By Dave Dempsey
Early in each new year, the Governor of Michigan sets forth a policy agenda for the Legislature and the state as a whole. This year, Governor Gretchen Whitmer delivers her State of the State message on the evening of Wednesday, January 29.
Whitmer will inevitably tackle roads, jobs, infrastructure, education, and Michigan’s economic prosperity, but the environment must be a key part of her speech.
Whitmer would do well to emulate her predecessor Gov. William Milliken, who 50 years ago gave a 1970 State of the State speech that fought environmental degradation and deregulation and called for dramatic changes in state policy to better protect the air, water, land, fish and wildlife. The 1970 legislative session resulted in the Michigan Environmental Protection Act, the Natural Rivers Act, the Great Lakes Shorelands Act and more.
Environmental, natural resources and public health policies are a critical part of Michigan’s policy needs. Governor Whitmer has an important opportunity to move the state forward by outlining bold steps for the state to take to assure safe and affordable drinking water for all; assure our water remains public and is not captured by private commercial interests for profit; protect rivers, lakes and habitat; and promote solutions to the climate crisis.
(Whitmer will appear on an even bigger stage on Tuesday, February 4, when she delivers a Democratic response to the State of the Union address.)
Here are issues for Michigan citizens to listen for that FLOW urges the Governor to cover in her State of the State message:
FLOW’s State of the State Agenda
FLOW believes the Governor should:
• Direct that Enbridge obtain authorization under the Great Lakes Submerged Lands Act (GLSLA) and public trust law for the new 2018 tunnel easement and long-term private control of the Straits of Mackinac for the tunnel and existing Line 5.
• Nullify, revoke, and/or terminate the 1953 easement to use the lakebed at the Straits under which Enbridge operates Line 5 for violation of public trust law, and the rule of law under the GLSLA.
• Issue an executive order setting state renewable energy and decarbonization targets and methods to achieve them.
• Direct a study of the future impacts of climate change to the Great Lakes, identifying measures to promote adaptation and resiliency.
• Support legislation and policy that declares and protects the paramount public interest in the State’s water and the individual’s right and access to safe, clean, affordable water and prevents water shutoffs.
• Call for the Legislature to enact a statewide sanitary code to protect the paramount public interest in groundwater and surface waters, setting environmentally protective standards for inspection and maintenance of on-site sewage (septic) systems.

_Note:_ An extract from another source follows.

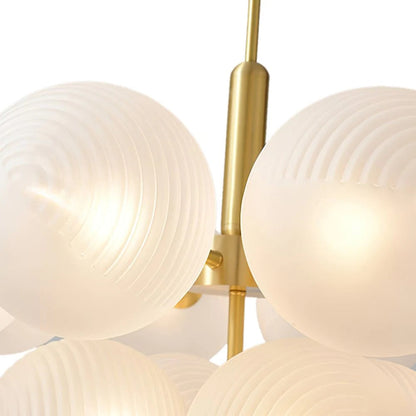 Ribbed Glass Globe Cluster Chandelier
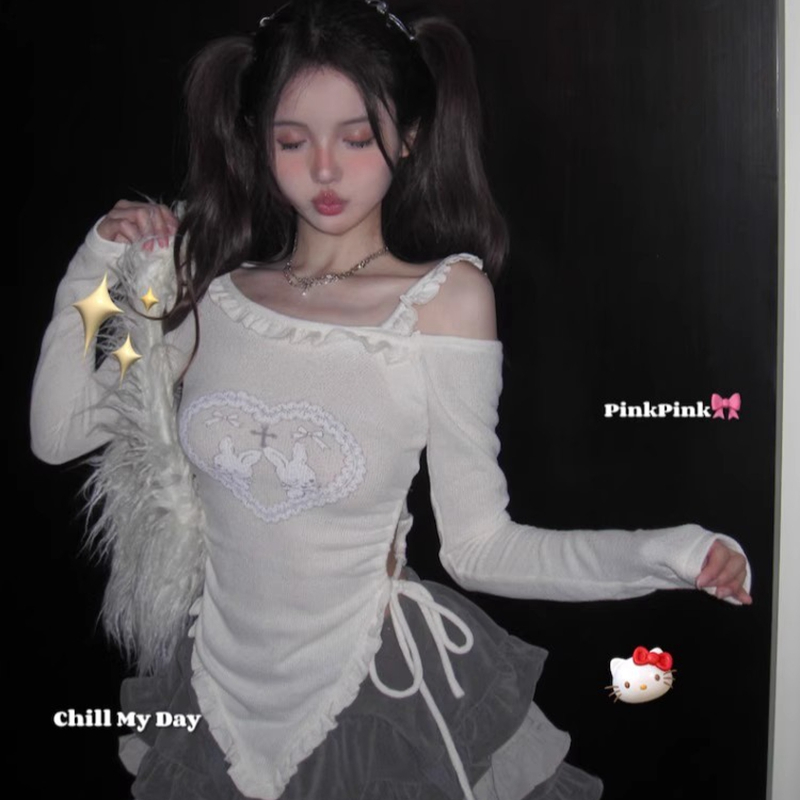 小個子印花T恤女秋季修身不規則下擺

• As Chair of the Great Lakes Compact Council, call for revision of Compact procedures to prevent unlawful diversions and exports, and establish a framework to address impacts on waters of the Basin from the effects of climate change.
Invest in the Protection of State’s Water and Water Infrastructure:
• Support a funding mechanism or mechanisms, including conservation, efficiency, and innovative user fees, to close the huge gap between water infrastructure needs and available funds, and coordinate the funding mechanism with the right to water, health, and affordability.
• Hold polluters rather than taxpayers accountable for contamination cleanup costs, and restore standards that require cleanup rather than containment of toxic pollutants from the waters of our State.
Dave Dempsey, FLOW’s senior policy adviser, wrote the award-winning biography William G. Milliken: Michigan’s Passionate Moderate (University of Michigan Press, 2006).